● **What needs to be done**
Could you please output all of the data exactly, without the images?

● **Data**

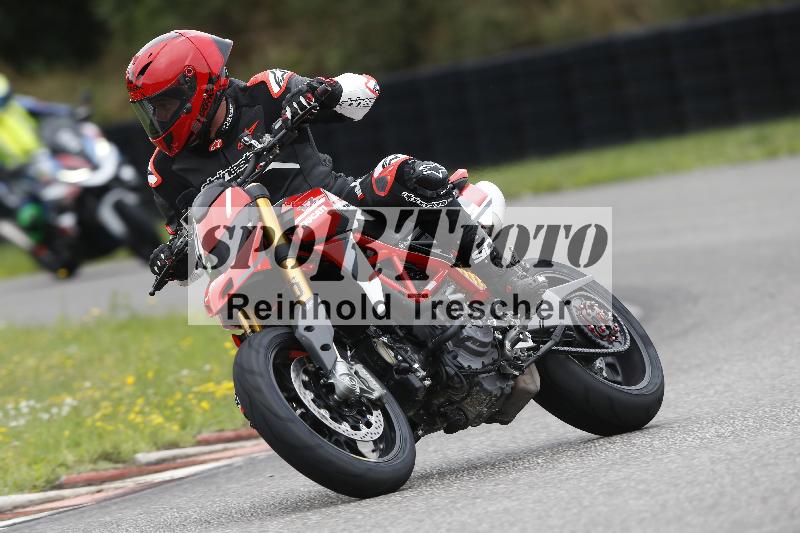 Archiv-2025/37 28.07.2025 Dunlop Ride und Test Day ADR/Einsteiger gruen/17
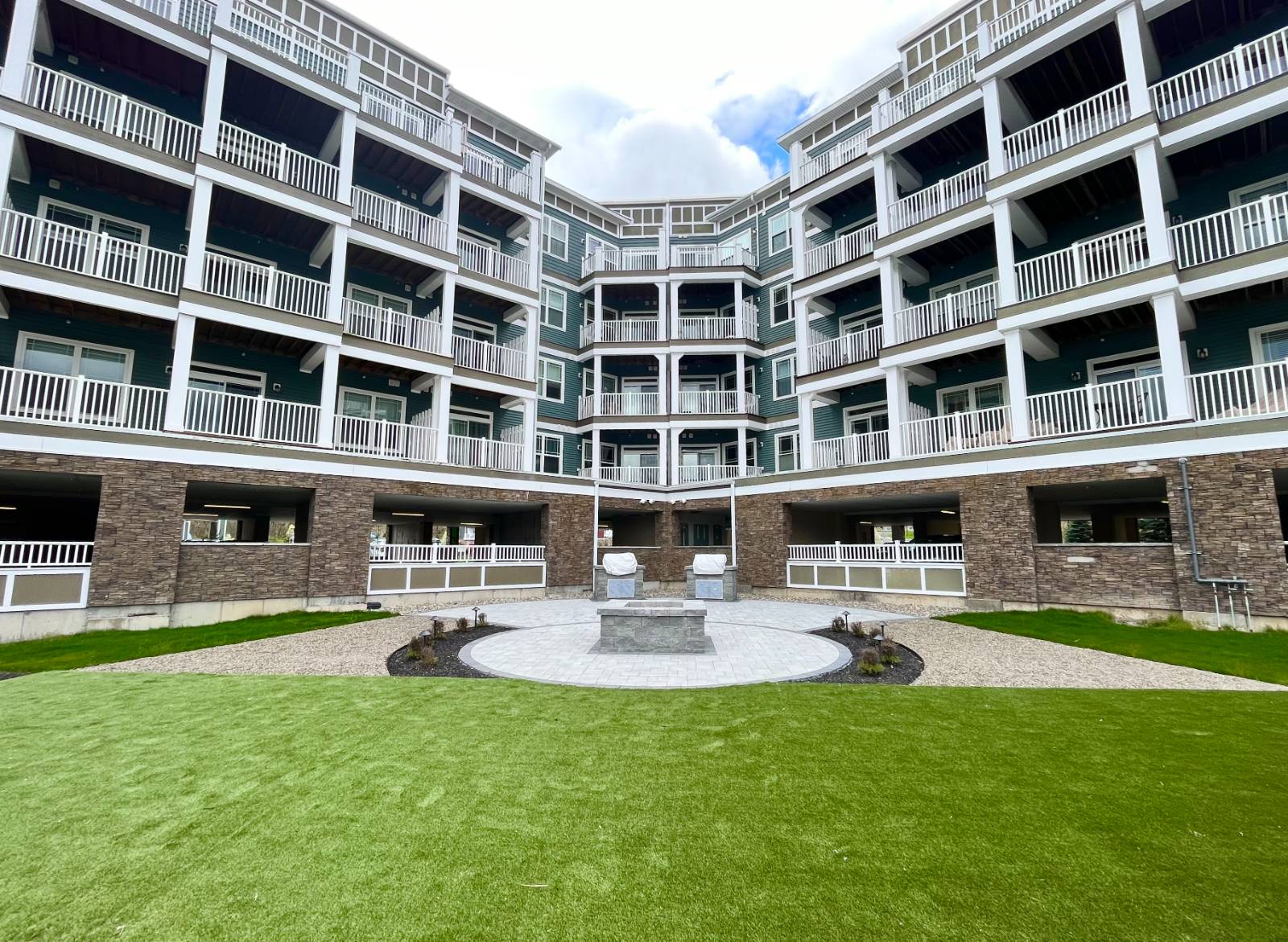 #7 photo, 1000 Hudson Square, Cohoes , NY 12047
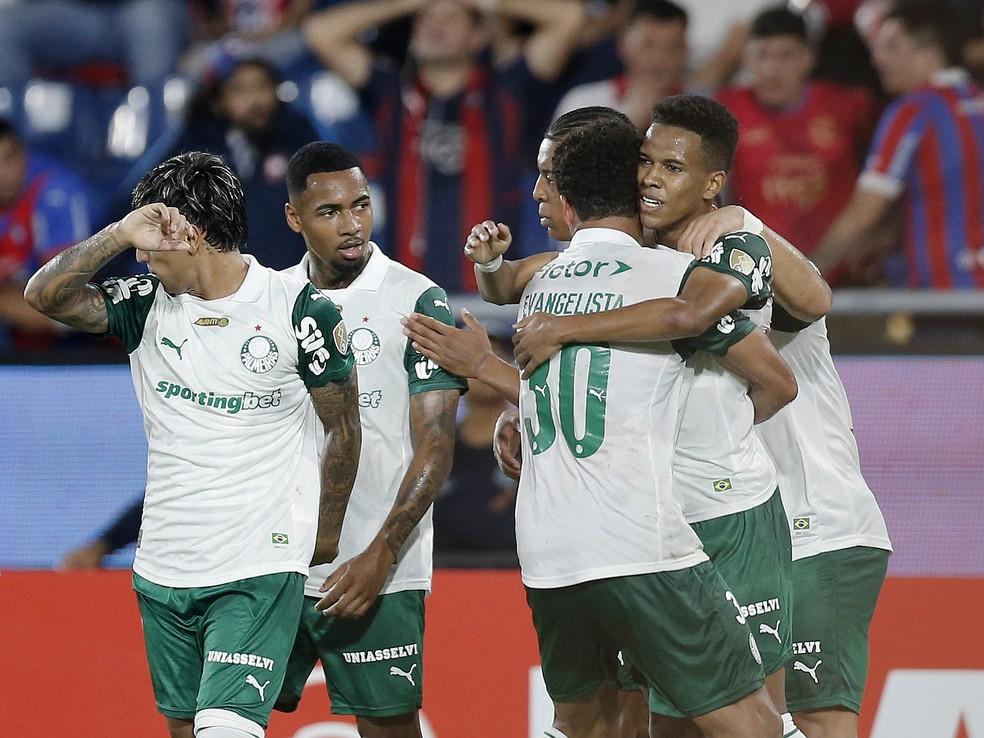 Estêvão em Palmeiras x Cerro Porteño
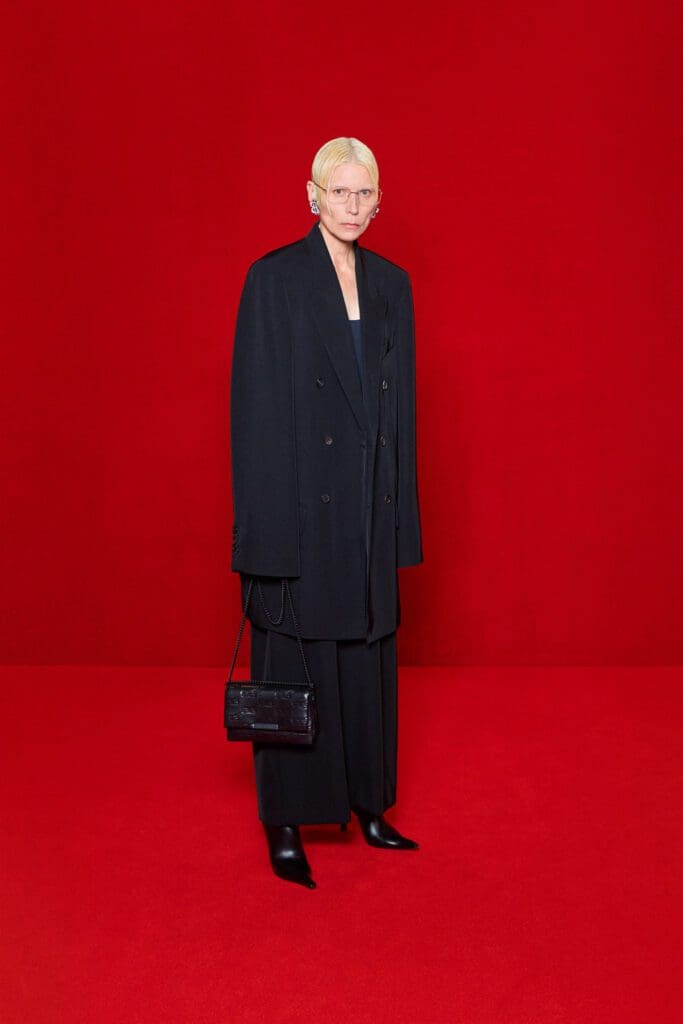 Balenciaga Printemps Eté 2022 par RUNWAY MAGAZINE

● **Solved exercise**
 Archiv-2025/37 28.07.2025 Dunlop Ride und Test Day ADR/Einsteiger gruen/17
 #7 photo, 1000 Hudson Square, Cohoes , NY 12047
 Estêvão em Palmeiras x Cerro Porteño
 Balenciaga Printemps Eté 2022 par RUNWAY MAGAZINE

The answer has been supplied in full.